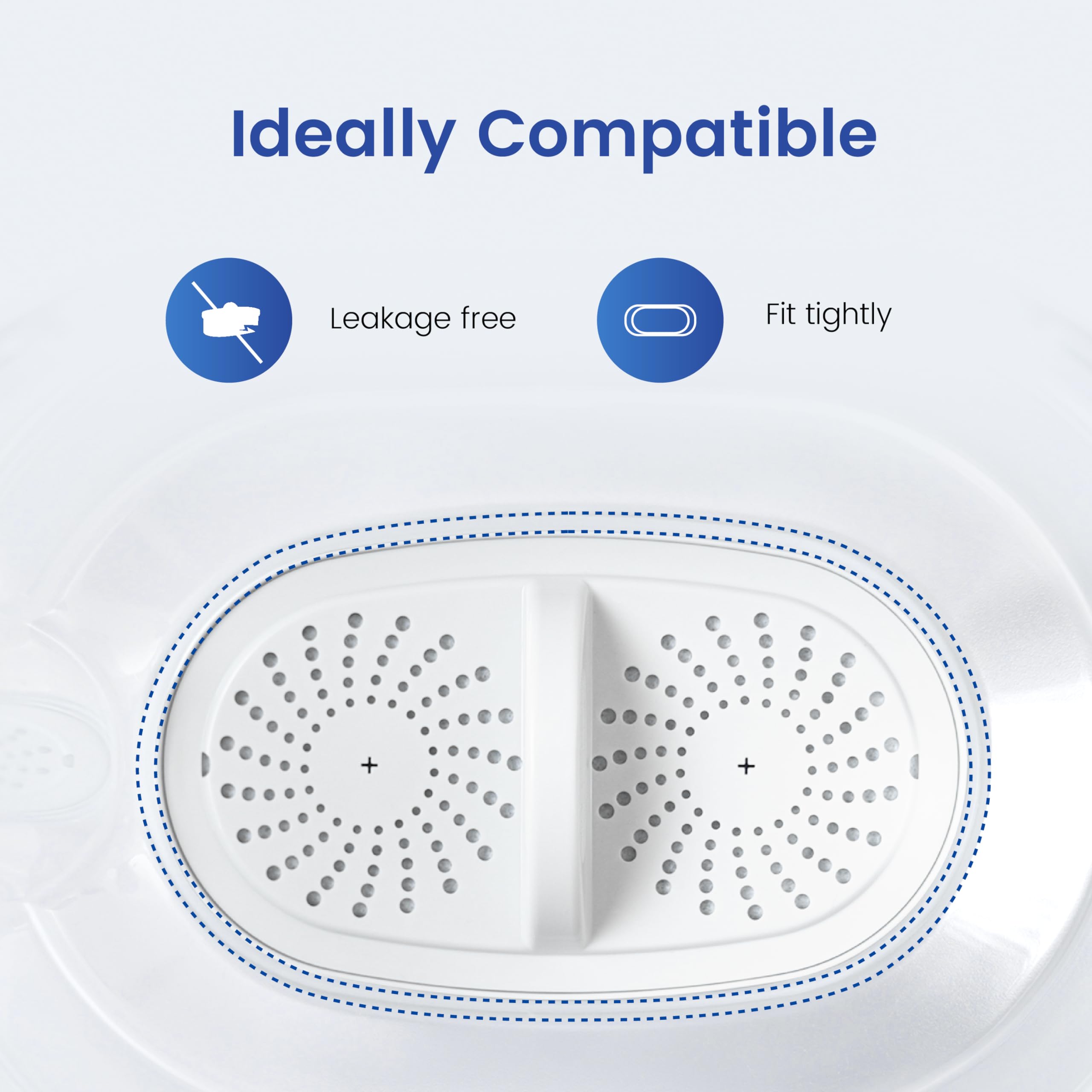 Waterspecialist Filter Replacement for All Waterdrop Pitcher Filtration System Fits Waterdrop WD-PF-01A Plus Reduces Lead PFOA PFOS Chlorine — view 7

_ _ _ _ _

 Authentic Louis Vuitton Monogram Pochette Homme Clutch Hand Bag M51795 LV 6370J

_ _ _ _ _

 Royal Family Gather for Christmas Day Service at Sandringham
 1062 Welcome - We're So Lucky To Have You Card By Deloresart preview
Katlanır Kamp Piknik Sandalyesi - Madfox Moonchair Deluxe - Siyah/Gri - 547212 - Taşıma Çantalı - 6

_ _ _ _ _

I'd like the lines above from the one with "Royal Family Gather" up to and including the one with "Katlanır Kamp Piknik" copied exactly, with no other lines.

 Royal Family Gather for Christmas Day Service at Sandringham
 1062 Welcome - We're So Lucky To Have You Card By Deloresart preview
Katlanır Kamp Piknik Sandalyesi - Madfox Moonchair Deluxe - Siyah/Gri - 547212 - Taşıma Çantalı - 6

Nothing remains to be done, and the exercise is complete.